As I gear back up I've been doing a lot of reading the last few weeks and realize that in the past I've done most things wrong. I'm currently following a beginner olympic distance tri program that focuses on building up both distance and an aerobic foundation. 6 days/week with a couple two-a-days. Lots of Z2 with no speed work. Anyway... I have a few questions:

1) Z2 training. I get the concept, not sure exactly which "Z2" we're talking about. Is this the generic 60-70% MaxHR zone 2? Or is it the Joe Friel Zone 2 which is based on LT that TrainingPeaks has currently calculated to be about 71-77% of my MaxHR?

2) I live about 2km from work and it works out to 4 trips/day since I go home for lunch. Now that the snow is mostly gone I've been thinking about running it but I'm not really sure how to program it? I'm inclined to just haul ass for 2k and call it speed work, but then all this Z2 training stuff gets in there and I start to question the idea. Plus I'm older now and I'm not sure how smart it is to just max effort run with no real warmup...

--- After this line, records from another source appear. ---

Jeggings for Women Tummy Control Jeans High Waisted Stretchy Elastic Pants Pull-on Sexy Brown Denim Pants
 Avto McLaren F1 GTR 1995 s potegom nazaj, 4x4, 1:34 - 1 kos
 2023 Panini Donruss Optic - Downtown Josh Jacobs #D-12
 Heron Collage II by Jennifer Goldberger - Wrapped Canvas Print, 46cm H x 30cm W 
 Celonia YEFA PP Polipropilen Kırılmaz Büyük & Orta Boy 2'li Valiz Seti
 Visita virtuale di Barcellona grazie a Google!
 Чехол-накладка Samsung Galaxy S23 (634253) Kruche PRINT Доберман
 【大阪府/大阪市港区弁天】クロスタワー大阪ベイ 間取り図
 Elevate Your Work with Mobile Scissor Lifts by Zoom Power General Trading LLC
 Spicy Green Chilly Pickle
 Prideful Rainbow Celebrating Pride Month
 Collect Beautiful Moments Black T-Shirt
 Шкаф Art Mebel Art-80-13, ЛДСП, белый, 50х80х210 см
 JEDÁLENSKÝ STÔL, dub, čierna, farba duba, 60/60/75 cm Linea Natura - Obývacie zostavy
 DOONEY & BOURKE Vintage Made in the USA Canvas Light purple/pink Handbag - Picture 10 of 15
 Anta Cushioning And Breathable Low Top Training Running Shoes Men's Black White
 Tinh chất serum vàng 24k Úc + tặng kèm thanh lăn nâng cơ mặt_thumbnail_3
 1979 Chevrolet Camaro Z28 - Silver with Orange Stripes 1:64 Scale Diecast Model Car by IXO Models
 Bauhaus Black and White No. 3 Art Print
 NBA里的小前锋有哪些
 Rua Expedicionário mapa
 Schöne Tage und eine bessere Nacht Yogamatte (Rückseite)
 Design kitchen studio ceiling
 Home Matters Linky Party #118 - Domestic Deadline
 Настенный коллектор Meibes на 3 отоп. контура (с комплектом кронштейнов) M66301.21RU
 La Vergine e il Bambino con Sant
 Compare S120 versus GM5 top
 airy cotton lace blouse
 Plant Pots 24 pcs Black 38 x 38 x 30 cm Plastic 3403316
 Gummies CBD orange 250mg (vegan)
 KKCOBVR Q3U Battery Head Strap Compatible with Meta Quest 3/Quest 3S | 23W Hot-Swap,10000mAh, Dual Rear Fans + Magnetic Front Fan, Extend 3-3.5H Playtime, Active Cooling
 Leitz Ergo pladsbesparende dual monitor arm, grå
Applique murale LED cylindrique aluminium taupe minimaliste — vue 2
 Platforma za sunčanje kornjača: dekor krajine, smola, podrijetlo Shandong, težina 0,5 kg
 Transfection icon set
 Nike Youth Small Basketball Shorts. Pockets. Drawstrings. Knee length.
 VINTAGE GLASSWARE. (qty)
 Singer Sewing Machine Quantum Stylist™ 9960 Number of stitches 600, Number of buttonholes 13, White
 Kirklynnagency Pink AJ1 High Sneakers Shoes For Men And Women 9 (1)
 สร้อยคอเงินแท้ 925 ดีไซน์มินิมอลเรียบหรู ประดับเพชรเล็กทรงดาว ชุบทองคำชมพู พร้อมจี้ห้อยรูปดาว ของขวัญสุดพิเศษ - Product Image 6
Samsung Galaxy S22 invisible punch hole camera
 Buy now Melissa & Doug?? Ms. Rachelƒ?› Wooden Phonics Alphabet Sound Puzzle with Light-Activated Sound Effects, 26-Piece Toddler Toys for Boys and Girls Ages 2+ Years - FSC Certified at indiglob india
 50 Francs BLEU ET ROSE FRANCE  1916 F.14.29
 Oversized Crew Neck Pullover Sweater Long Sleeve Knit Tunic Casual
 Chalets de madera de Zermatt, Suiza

3) How persistent are aerobic adaptations? I still have the low heart rate but I haven't been able to push myself hard enough to actually get any lactic burn, nor am I confident that I've managed hit my actual max HR. I've tried testing myself a couple times to establish baseline values but I just sort of hit a wall where the muscles turn sluggish and I start slowing down. If anyone has any insight I'd be happy to learn. I've tried researching but the stuff I've found mostly focuses on athletes that miss weeks/months of training and not years.

Cheers!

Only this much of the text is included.